Flood Insurance: Needed In Galveston But Not On Wall Street

Imagine watching the water rise in your home…first just a trickle through the bottom of the door, then to your ankles, then to your waist…

People in New Orleans and now Galveston have experienced the feeling of literally watching their homes flood before their eyes.

Thankfully, many people in Galveston evacuated before Hurricane Ike hammered the island south of Houston before this weekend’s storm. However, even those who left are now facing the aftermath of a storm that flooded most of Galveston Island.

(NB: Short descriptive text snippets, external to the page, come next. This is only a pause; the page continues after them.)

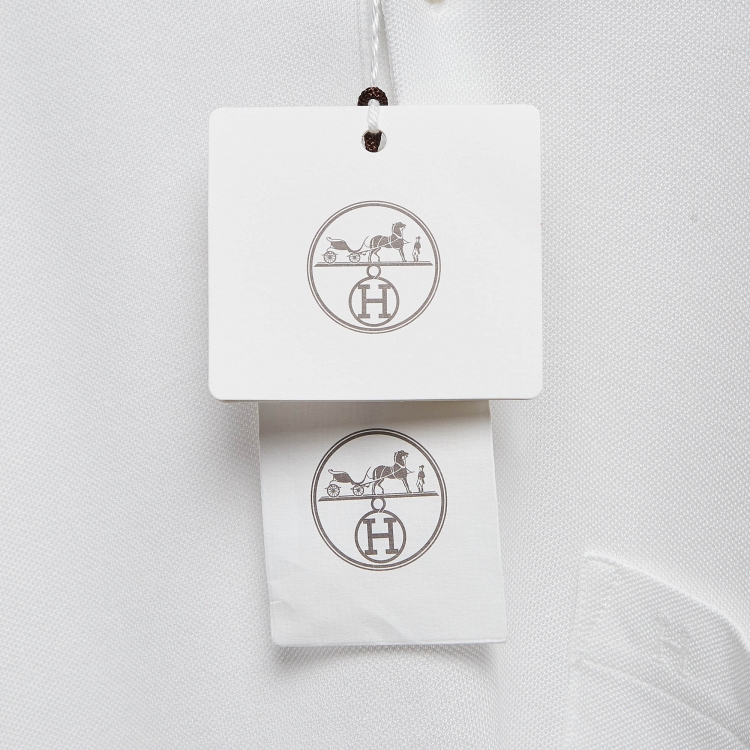 Pre Owned Hermes White Cotton Pique Polo T-Shirt S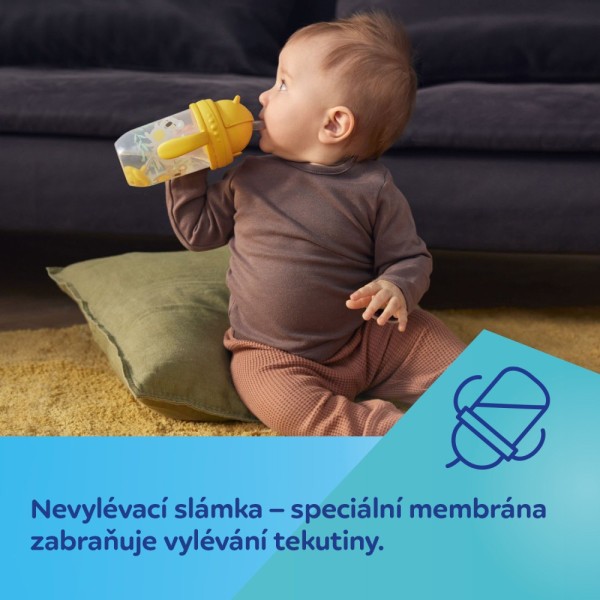 CANPOL BABIES Nevylévací hrneček se slámkou a závažím EXOTIC ANIMALS 270ml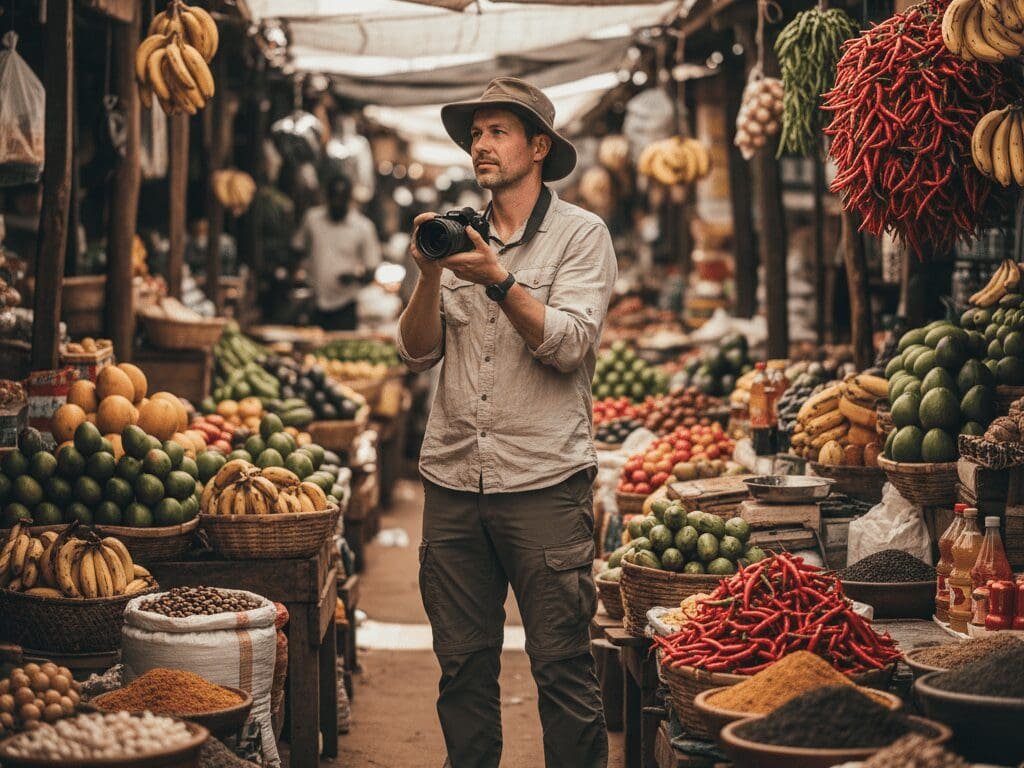 A foreign traveler standing quietly in a Kenyan market aisle, observing and photographing fresh produce, with vibrant fruits and vegetables around them.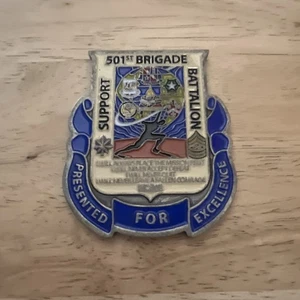 Original US Army 501 1st Brigade Support Battalion BSB Challenge Coin - Picture 1 of 13
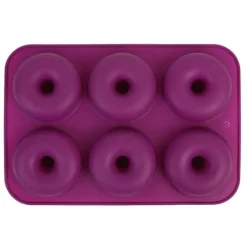 Silikone Donut Bageform med 6 Hulrum, Donut Chokoladeform, Mikrobølgeovns-Frysersikker (Lilla) Sale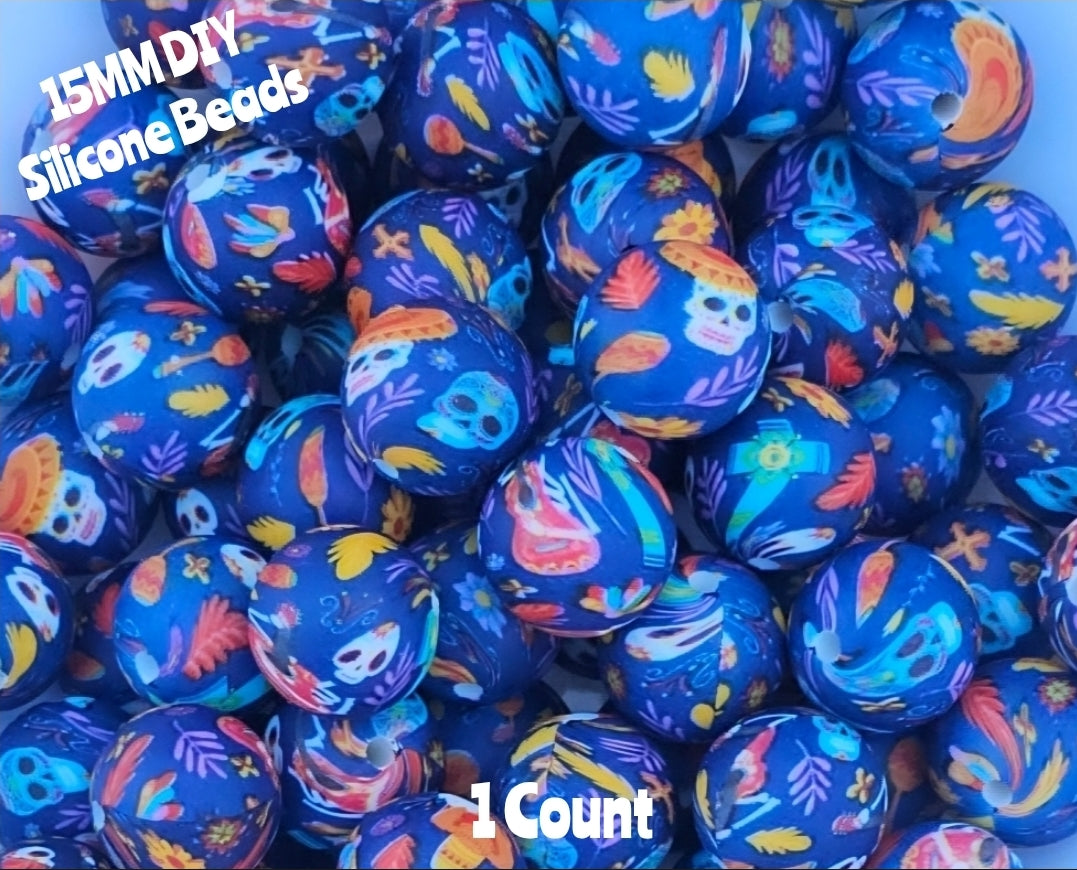 New 1 Count DIY Silicone Beads 15mm printed Bohemian Skulls Blue beadable accessories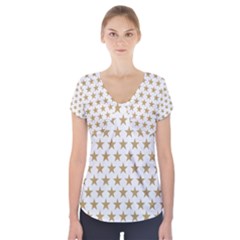 Golden Stars Pattern Short Sleeve Front Detail Top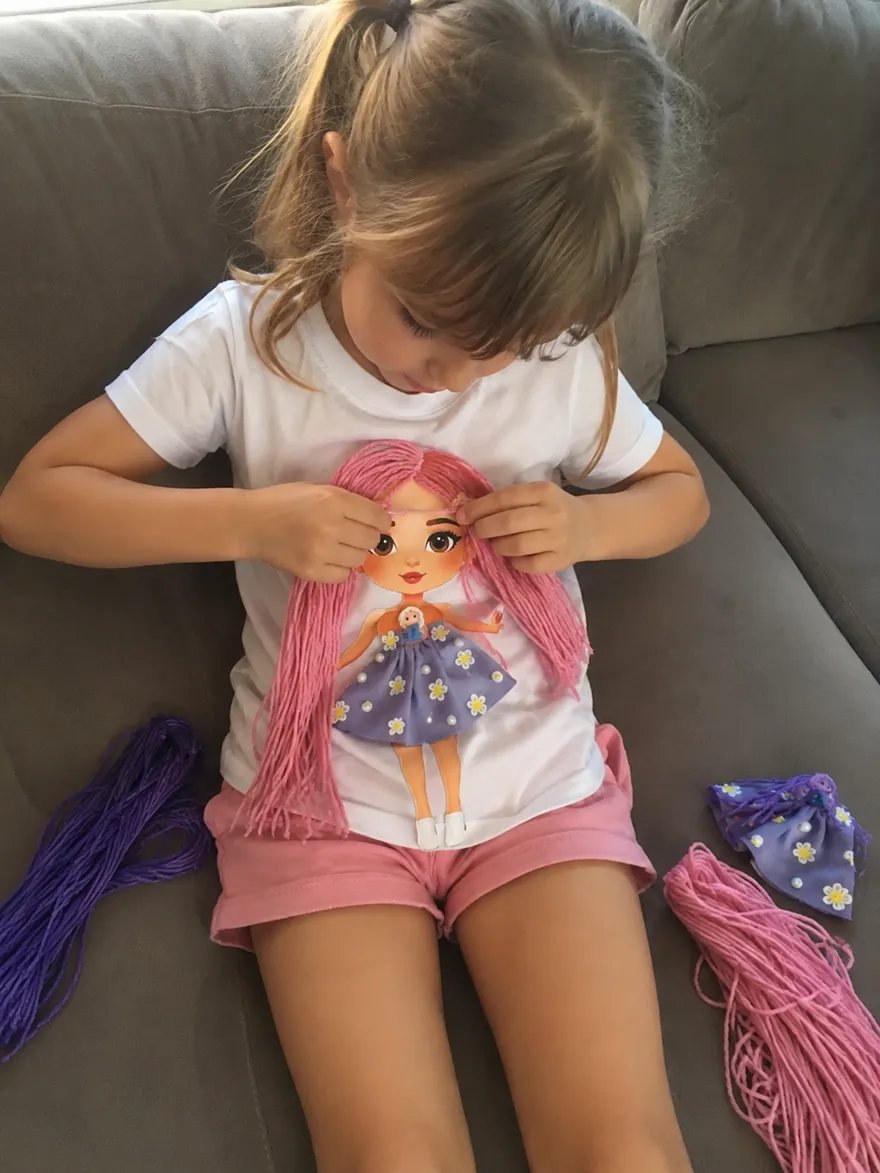 Menina trocando o cabelo da camiseta Madeixa
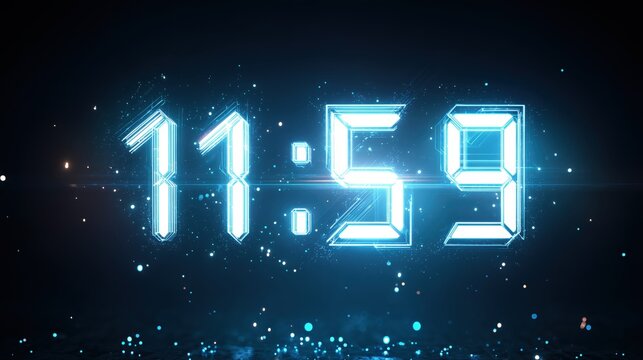 A futuristic neon countdown clock glowing at 11:59 with sparkling particles and a high-tech atmosphere. Perfect for New Year themes, event countdowns, digital designs, and modern celebrations.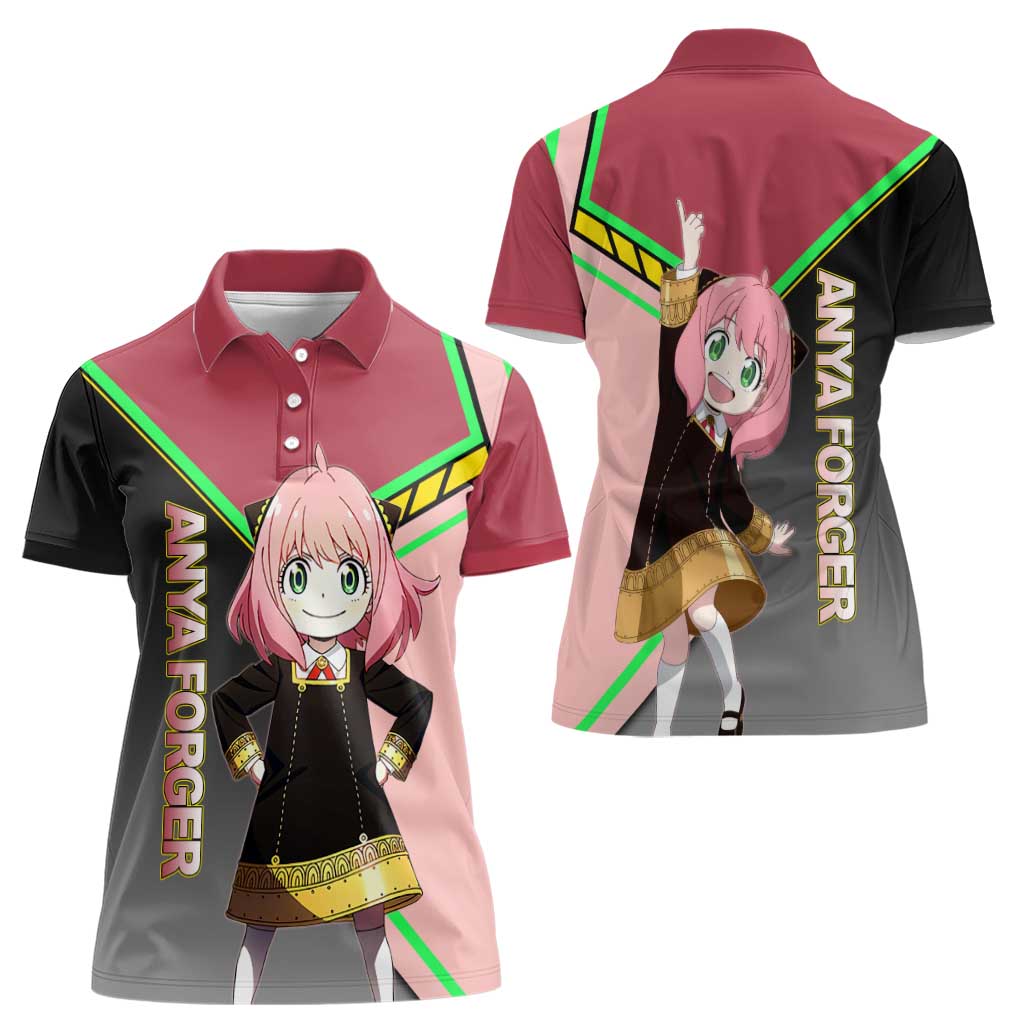 Anya Forger Spy x Family Pink and Black Theme Women Polo Shirt with Cheerful Pose and Cartoon Style Accents - The Mazicc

Some of these homeowners will be able to pick up and start over thanks to the flood insurance policies they purchased. Unfortunately, some homeowners did not buy insurance, and for these unlucky few, when they return home they will have almost nothing left.

A similar phenomena has been occurring in the financial markets.

Many institutions took risks, and rather than buying insurance (in the form of conservative practices), they decided to rough it, perhaps convinced like a few stubborn Galveston homeowners, that because it had not flooded for the last twenty years, that it would not flood this time around.

The horrible irony of the flood analogy is that for many of these institutions, and more offensively their shareholders, they did not have to buy insurance because the federal government stood waiting in the wings to bail them out. At the same time, many home owners will not be as lucky…sure they might get a FEMA check to help with some of their relocation expenses, but they will be wiped out – because they took a risk (living by the water) and did not protect against it (buy flood insurance).

Tonight the Federal Government has agreed to loan AIG $85 B dollars in exchange for a majority stake in the company in order to avoid the dreaded CDS Scenarios alluded to in my previous post (AIG Gets $85 Billion Fed Loan, Cedes Control to Avert Collapse).

In the most twisted of ironies, the Federal Government is acting as an insurer to an insurer who failed to insure itself like any responsible citizen.

Although it is unclear from the current news whether AIG shareholders will be completely wiped out, if they – like their Bear Stearns brethren before them – receive anything more than $0, this is truly a deplorable decision.

As I mentioned at the time of the Bear Stearns decision, I understand that the government feels the need to prevent the kind of systematic calamity that would exist if a massive counterparty failed  – especially one the size of AIG who is a participant as a principal in far more markets than Lehman or Bear Stearns. However, they should do as they did for Freddie and Fannie and eliminate the equity value of the firm. If AIG has truly failed, then let it be so.

The alternative – for the Fed to act as an after-the-fact insurance policy when the storm comes – undermines the very free market that the current administration claims to support.

My heart goes out to the families in Galveston, and the workers at Lehman and on main street who are suffering in the midst of our nations greatest financial challenge since the Great Depression.

I only hope our leaders use these decisions as lessons learned to develop more reasonable principles and to reach fairer decisions in the future…and in the mean time, I hope they have not done what it appears they might have done in jeapordizing the financial wherewithal of the federal government to protect shareholders of irresponsible institutions.